Randi Russell sat in the Cantonese restaurant that opened off the Hotel Beijing’s large and somewhat careworn lobby, breakfasting on dim sum and green tea.
She had worked inside Red China on a number of occasions for the Central Intelligence Agency, and oddly enough, she had found it a comparatively easy operating environment.
The mammoth PRC state security machine was ever present, purring and clicking away in the national background. As an idowai, a foreigner, every taxi or train ride she took would be recorded. Every long-distance telephone call would be monitored, every e-mail read. Every tour guide or translator or hotel manager or travel agent dealt with would answer to his or her assigned contact within the People’s Armed Police.
So totally pervasive was this mechanism that it actually began to work against itself. As a spy, Randi was never tempted to let her guard down or become sloppy with her cover, because she was always acutely aware she was under observation.
This morning, her observers would be seeing a decidedly attractive American businesswoman in her early thirties, dressed in a neat beige knit dress and a pair of expensive but sensibly heeled pumps.

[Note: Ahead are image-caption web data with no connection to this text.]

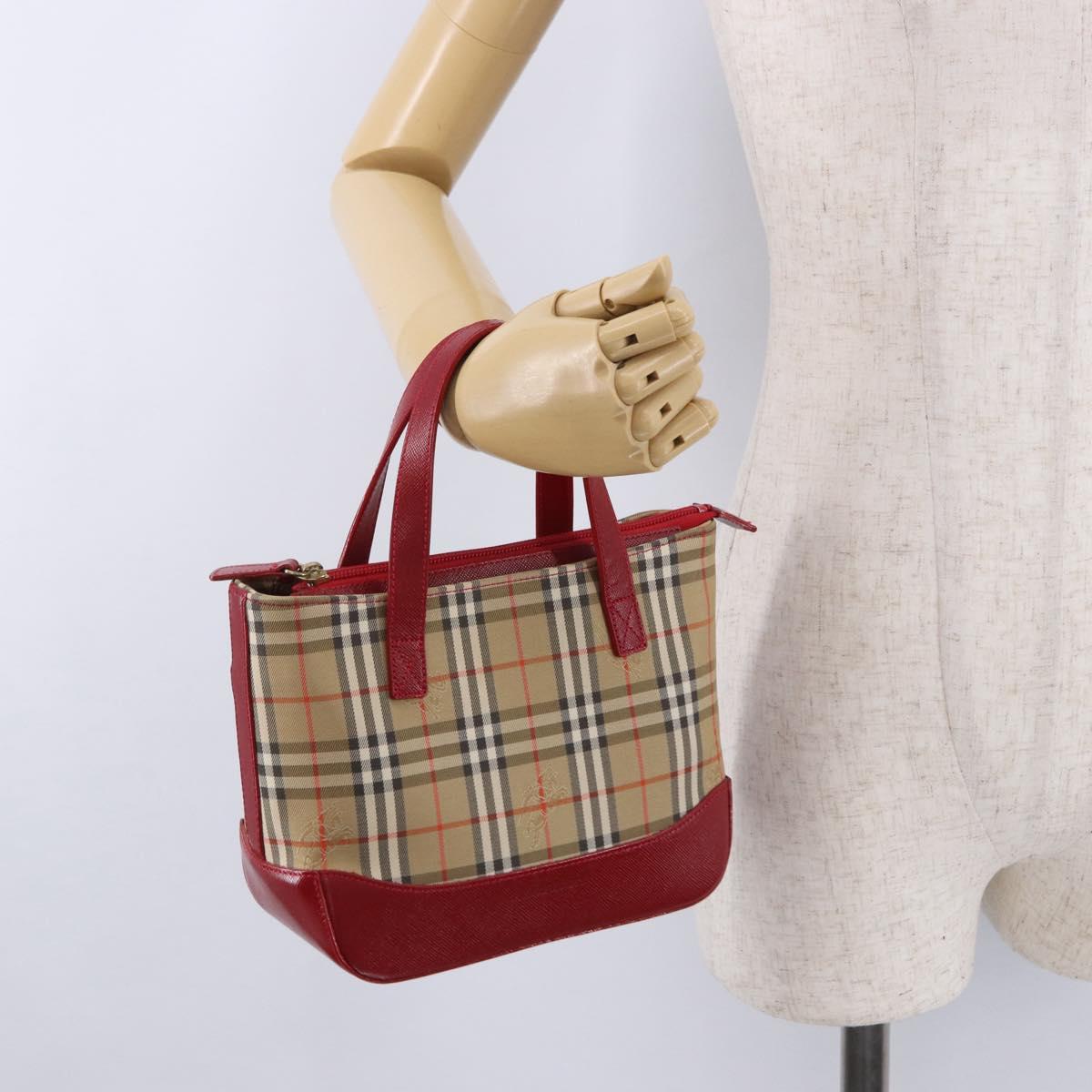 BURBERRY Nova Check Hand Bag Canvas Beige Red Auth ka5507
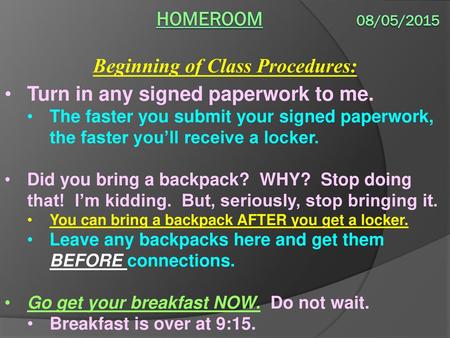 Beginning of Class Procedures:
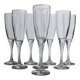 Set of 10 Clear Glass Wine/Champagne Glasses with Swirled Stem - Vintage Italian 1980s Crystal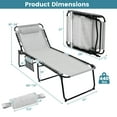 thumbnail image 3 of Gymax Folding Reclining Lounge Chaise 4-Position Backrest Portable Beach Chair Grey, 3 of 8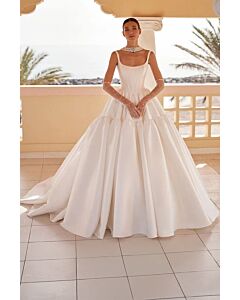 Satin Square-Neck Ball Gown with Long Train for Formal Events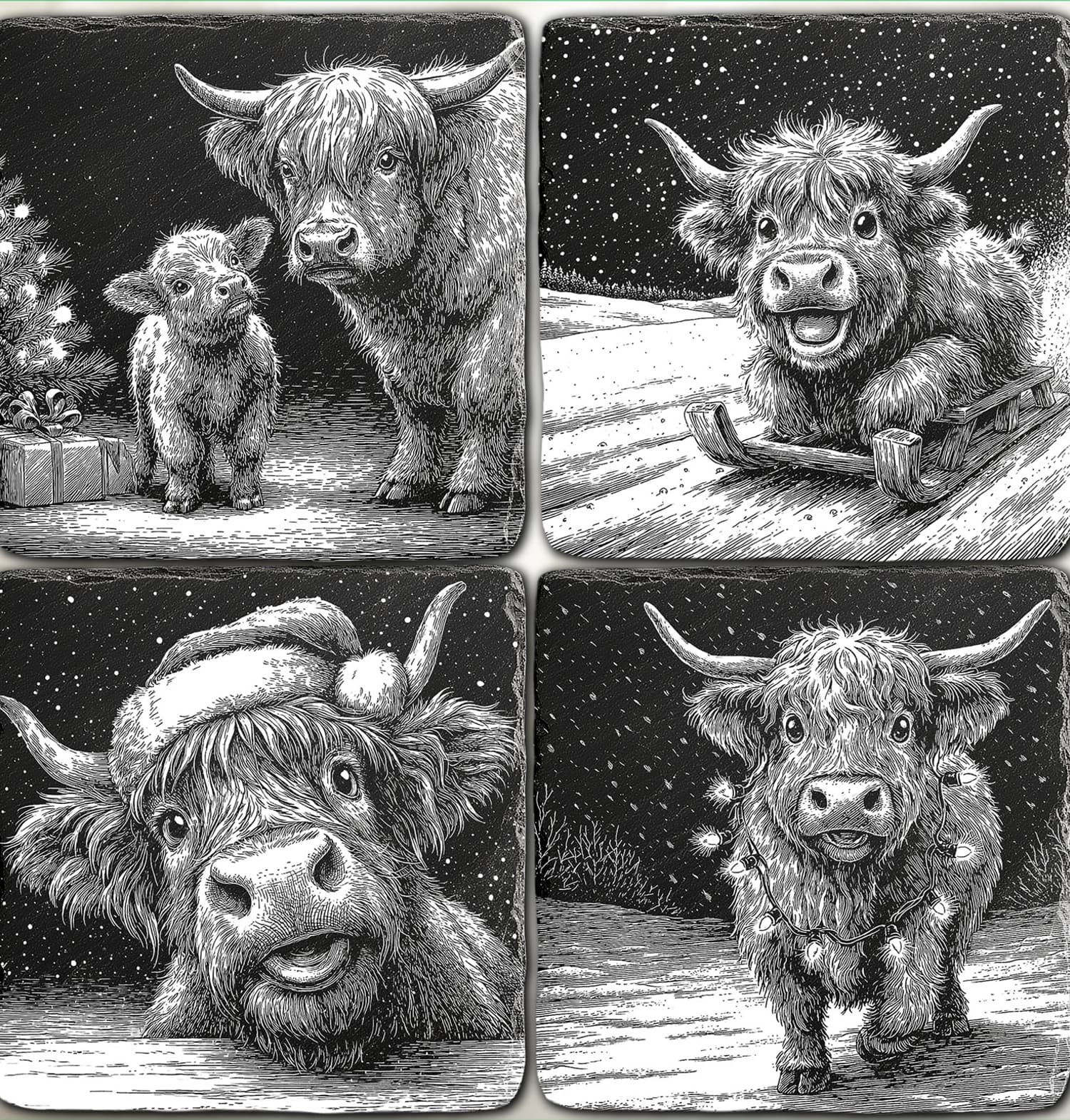 Alle vier Highland-Cow-Weihnachtsmotive im Überblick auf Naturschiefer.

Short, tousled golden-blond hair framed her face, and her open farm girl’s features bore only a light touch of cosmetics along with the dusting of freckles across the bridge of her nose.
Only another member of the profession might note the irregularity, and then only by looking deeply into her dark brown eyes. There could be seen the hint of an internal bleakness and an instinctive, perpetual wariness of the world around her-the mark of one who had been both the hunter and the hunted.
Today she hunted, or at least stalked.
Randi had chosen her table in the cafe with care, her position giving her an uninterrupted band of vision that cut across the hotel’s lobby between the elevator bank and the main entrance. She scanned it only from the corner of her eye. As she nibbled and sipped, her attention appeared to be focused solely on the open and totally irrelevant business file on the table in front of her.
Intermittently she would glance at her wristwatch as if counting down time to some appointment.
She had no such appointment. But someone else might. The previous evening she’d committed the Beijing traffic schedules for Air Koryo, the North Korean national airline, to memory, and she was moving into a potentially hot time frame.